The noble Lord, Lord Thomas of Gresford, is right that there is a difference in Scotland. Under this Bill Scottish wage earners might be paying 3p in the pound more in taxes. As I have told Members of the Committee before, a Scottish wage earner who unfortunately lives in Glasgow is paying hugely more council taxes because of the disgraceful way in which the Labour Party runs the City of Glasgow. It hammers people who live there, except the lucky few who escaped from the City of Glasgow in order to live in the leafy suburbs where their council tax bill is so much less.

Those factors are important. The noble Lord, Lord Thomas of Gresford, suggested that Scotland overall might be a lower wage economy than England. In fact, I suspect that in oil-led Grampian, that will not be the position. In fact, a minimum wage in Grampian, if one looks at the average wage, may look a great deal higher than in the rest of Scotland.

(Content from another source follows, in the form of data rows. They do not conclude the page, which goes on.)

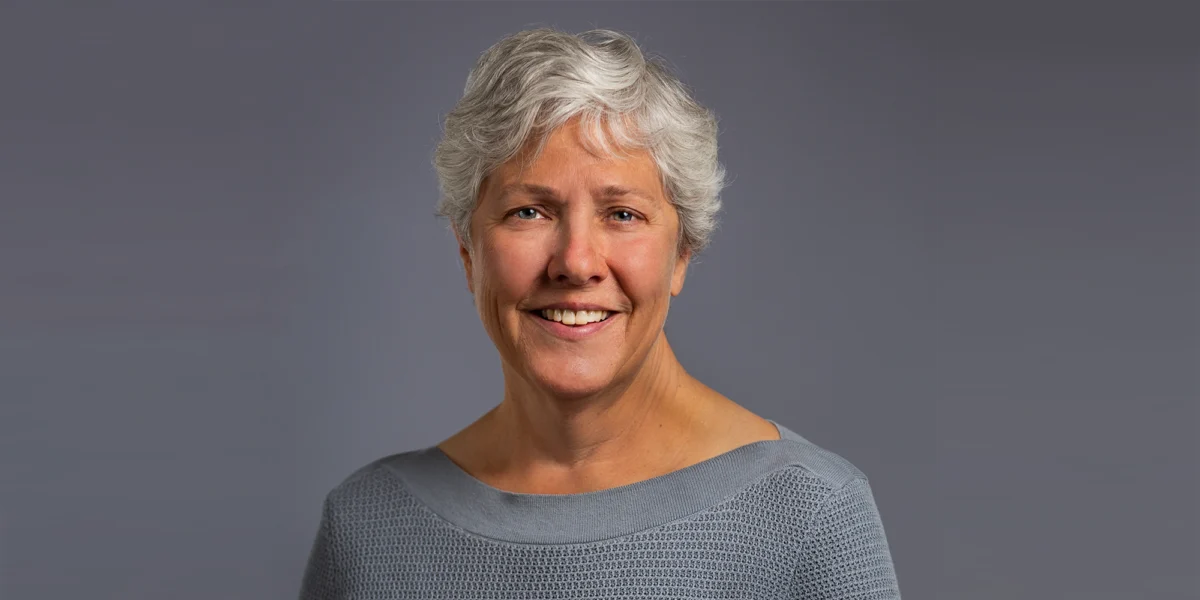 Older woman with short gray hair, wearing a light gray top, smiling in front of a plain gray background.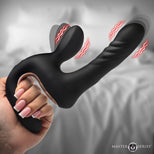 A black dual-stimulation personal massager with a curved handle and two flexible shafts, held by a hand against a blurred bedroom background. Red wavy lines indicate stimulation points.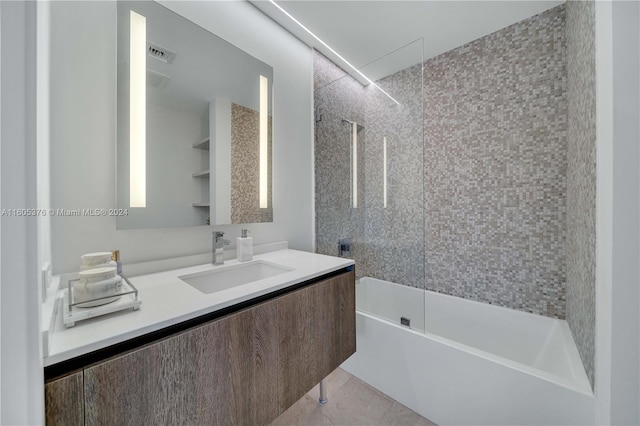 bathroom featuring tiled shower / bath combo, vanity, and tile patterned floors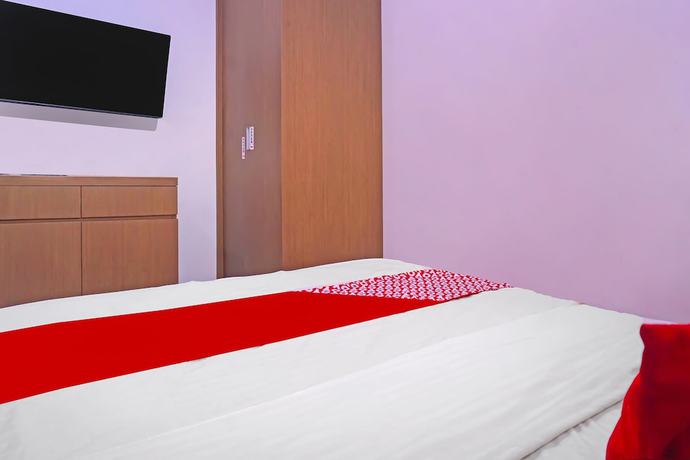Imagen de la habitación del Hotel Capital O 92180 Orange Garden 47. Foto 12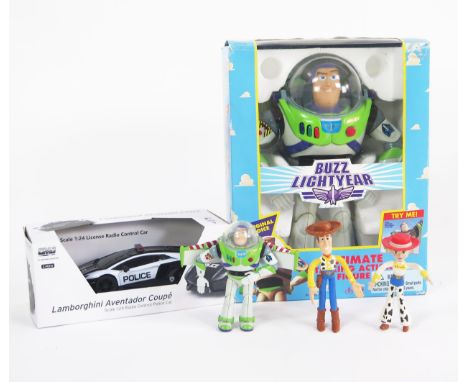 Toy Story Disney by Think Way Buzz Lightyear (boxed) together with other Toy Story figures and CMJ RC Cars 1:24 Lamborghini A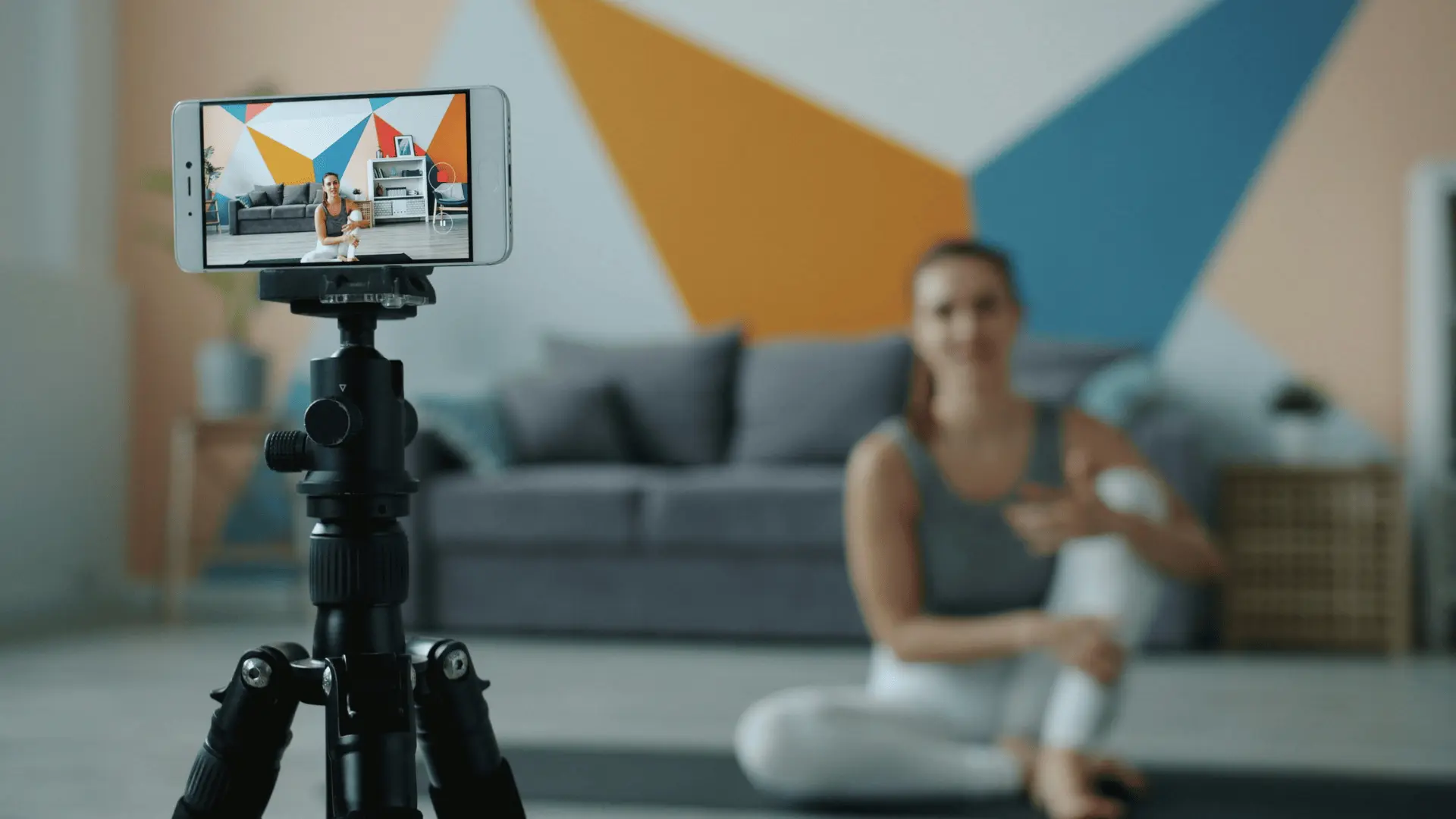 Eine Yoga-Lehrerin nimmt einem Online-Kurs mit einem Smartphone auf.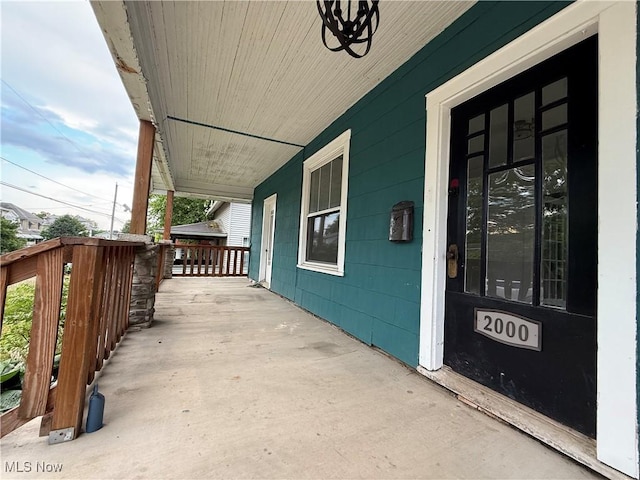 2000 16th St, Parkersburg, WV 26101 - porch featuring an attached carport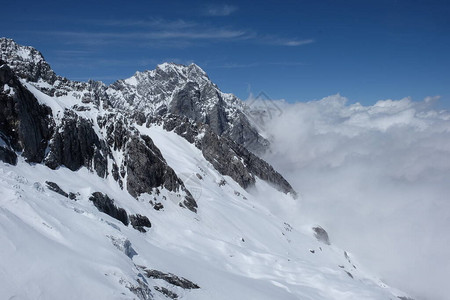 云南省玉龙雪山白雪坡壮丽的灰色山脉岩石被宽阔的白雪覆盖湛蓝的天空图片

The real point is this. I would not be arguing so much about this matter if both the Agricultural Wages (Scotland) Act and the National Minimum Wage Bill were reserved or if both were exempt. It is the way in which one is reserved and the other is exempt without any good reason that worries me. Of course, we are not talking about a wages policy, though I am not entirely sure whether the National Minimum Wage Bill is not a form of policy. We are not arguing about whether or not we should have one; that is an argument for others in the Chamber. The Chamber decided about that and the Government decided that the National Minimum Wage Bill will become an Act. I am simply saying, if it is going to the Scottish parliament, that the Agricultural Wages (Scotland) Act ought not to be exempted. It is that exemption that puzzles me most of all and for that reason I shall seek the opinion of the House.

8.48 p.m.

On Question, Whether the said amendment (No. 210) shall be agreed to?

Their Lordships divided: Contents, 43; Not-Contents, 81.